More than 2,000 delegates and guests of the American Federation of Government Employees followed a coffin - borne by six mourners in black - from the Conrad Hilton Hotel to the supermodern Federal Center. The purpose of the exercise was to get maximum media exposure for the new stance of this union. Once solidly in the pocket of any Democratic occupant of the White House, the giant AFL-CIO union this week has broken with President Carter on civil service reform, pay and the failure of the president to deliver on important issues to the union's 260,000 members.

The protest march was a symbolic funeral for the President's promise to equalize pay between government and industry, a promise union leaders and members unanimously agreed was broken when Carter said he would hold this October's pay raise to 5.5 percent. Yesterday the union denounced Carter and withdrew its badly needed support for his civil service reform plan. It said it would fight the president tooth and nail until he agrees to a full catch-up pay raise with industry, the repeal of the Hatch "no politics" Act, and puts his signature on a still forming labor management bill.

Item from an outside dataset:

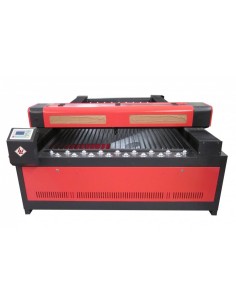 Masina de gravat laser CO2 150W, pentru precizie profesionala 2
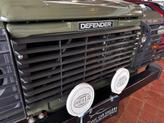 Thumbnail of 1993 GREEN/CONISTON GREEN Land Rover Defender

Last evening, delegates gave a standing ovation to Rep. Bill Clay (D-Miss.) when he told them that federal workers must get tough and take to the streets if necessary, because they have become "the new niggers of America."

Since it seems obvious Carter will not retreat from the 5.5 percent pay figure, the big union and the White House are now eyeball to eyeball. The raise it wants would run around 9 percent, nearly double the $2.7 billion price tag of the amount Carter has set.

The battle between Carter and the union - which represents between 600,000 and 700,000 federal workers at the bargaining table - is also a struggle between the union leadership and militant challengers. The militants view their union president's cooperation with the White House on civil service reform as a sellout. Only executive vice president Joseph D. Gleason, thanks to some adroit political maneuvering, has escaped the backstabbing here. Gleason was reelected without opposition. Other officers will be picked Wednesday in a secret ballot election.

Candidates for the top office include incumbent president Kenneth T. Blaylock. He is fighting for his political life against a strong challenge from Royal Sims, the union's top black official and vice president from Philadelphia. Other challengers are Allen H. Kaplan, vice president for the Chicago region, and Tom Leavitt, a former union staffer who is given little chance of surviving the first round of voting. Russell Binson, head of the labor department local in Washington, is running for secretary-treasurer on the Kaplan tickket. Mildred Mosley, a well-known union leader at the Pentagon nominated Sims, who is rated as the man to beat.

Union insiders believe that incumbent secretary-treasurer Nicholas Nolan of Baltimore, considered the best politician in the race, will lead the vote-getting in his bid for reelection, beating Binion, William Nussbaum of New Jersey, Lila M. Bell of California and Jim Bennett of Kentucky. Delegates here represent approximately 200,000 member votes; the Washington area has 16,000 votes and Baltimore about 5,800.

Mystery March: The nearly two hour "funeral" march through downtown Chicago seemed a mystery to passersby and motorists who were held up by the procession. Slogans such as "Amy, your dady is a liar" and "5.5 is no jive" meant nothing to the lunchtime crowd except at the fed center itself, a bureaucratese-speaking island in this commercial city.

The comments of parade viewers tions federal citizens in terms of pay, working conditions and political freedom. When the "coffin," which was symbolically carrying the president's broken promises, passed a group of onlookers, one man commented, "It must be something for the pope." Jim Mattews, a Chicago underwriter, finally figured it out. He summed up what many angry private industry types apparently felt about the rally when he said of the federal workers, "I hope they do get equal rights. Then they'll all take a pay cut."